Boys U-19 at Broken Arrow 46K: Filmore dominates a high-altitude duel
- Jackson Filmore won the U-19 boys race in 4:56:34 (10:23/mi), nearly three hours clear of the field.
- Briland Hillebrandt completed the course in 7:46:38 (16:20/mi), finishing 2nd and covering a gap of 2:50:04.
- Filmore posted the 10th-fastest split in the women's field on the Siberia 2→High Camp 2 segment — a standout climb among all runners on that stretch.
- Both athletes finished a course ranging from 6,205 to 8,833 feet — thin air that tests anyone, especially those not training at elevation.
Just two young athletes toed the line in the U-19 boys race at Broken Arrow's punishing 46K, but what unfolded was a study in contrasts. Jackson Filmore, 19, from Eagle, CO — a town sitting above 6,600 feet itself — ran with authority from the gun, ticking off miles at a 10:23/mi average across one of the most demanding skyrace courses in North America.
Filmore's movement through the men's field tells its own story: he slipped from 11th to 26th among men through the middle miles — a common pattern on Broken Arrow's relentless climbs — before steadying and clawing back to 24th by the finish.
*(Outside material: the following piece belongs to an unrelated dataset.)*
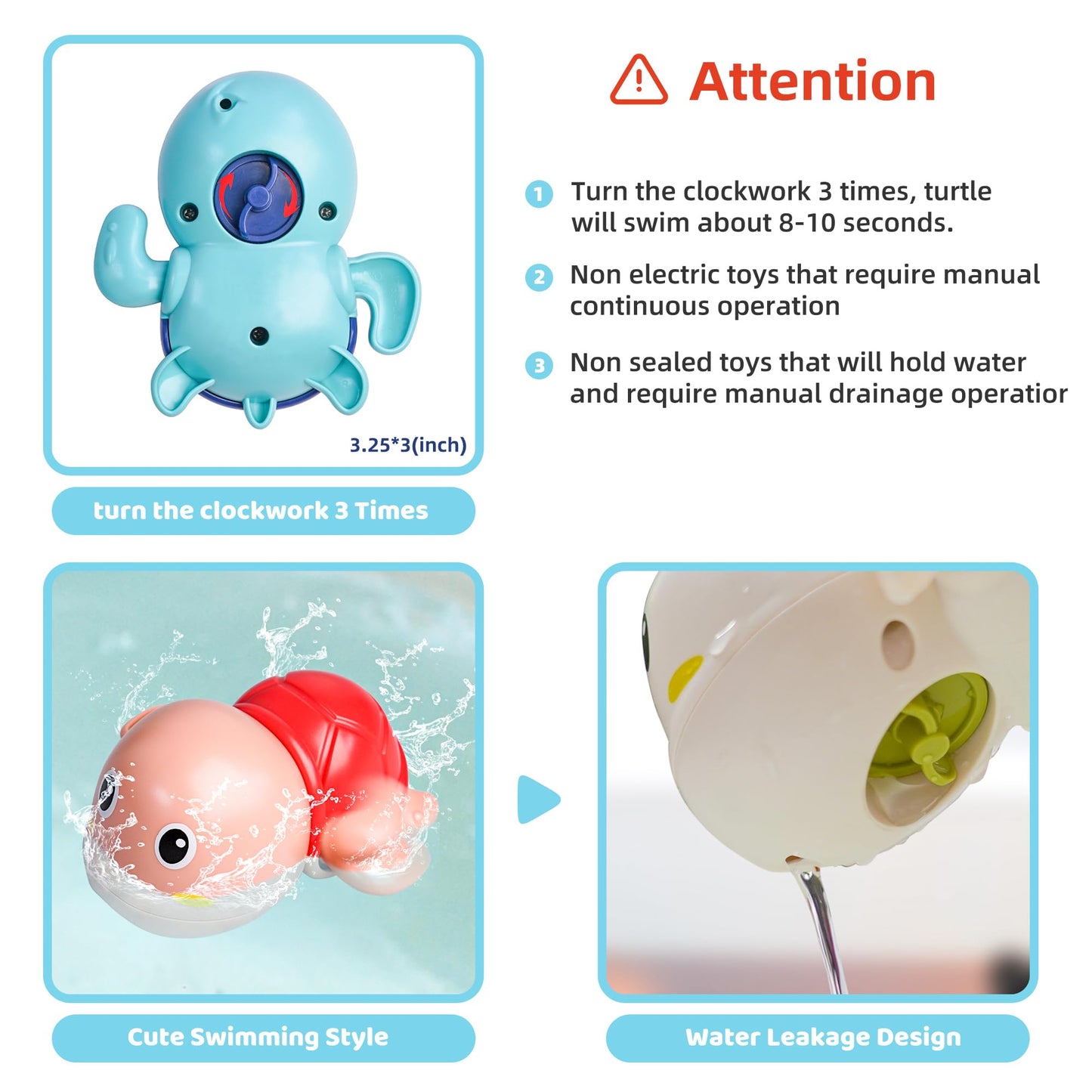 LiKee Bath Toys 3 Pack with 3 Colors | Cute Swimming Turtles Wind Up Toys for Baby Toddlers 1+ Years Old | Floating Bath & Pool Toys for Kids Age 1-3-5 | Baby Shower & Birthday Gift (Boys Girls)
The real highlight came on the Siberia 2→High Camp 2 segment, where he posted the 10th-fastest split among all women and men on that climb, a mark that underscores genuine mountain-running strength at altitude.
Briland Hillebrandt, 18, from Alamo, CA — a Bay Area town near sea level — faced a different kind of race. At nearly 7,500 feet of typical elevation, the thinner air may well have been a factor for an athlete likely unacclimatized to the Sierra Nevada heights. Still, he moved steadily forward through the field all day, advancing from 285th to 194th among men between the first checkpoint and the finish — a net gain of 91 places that speaks to patience and persistence over 46 kilometers of mountain terrain.
Two finishers, two very different days on the mountain — and both of them earned it.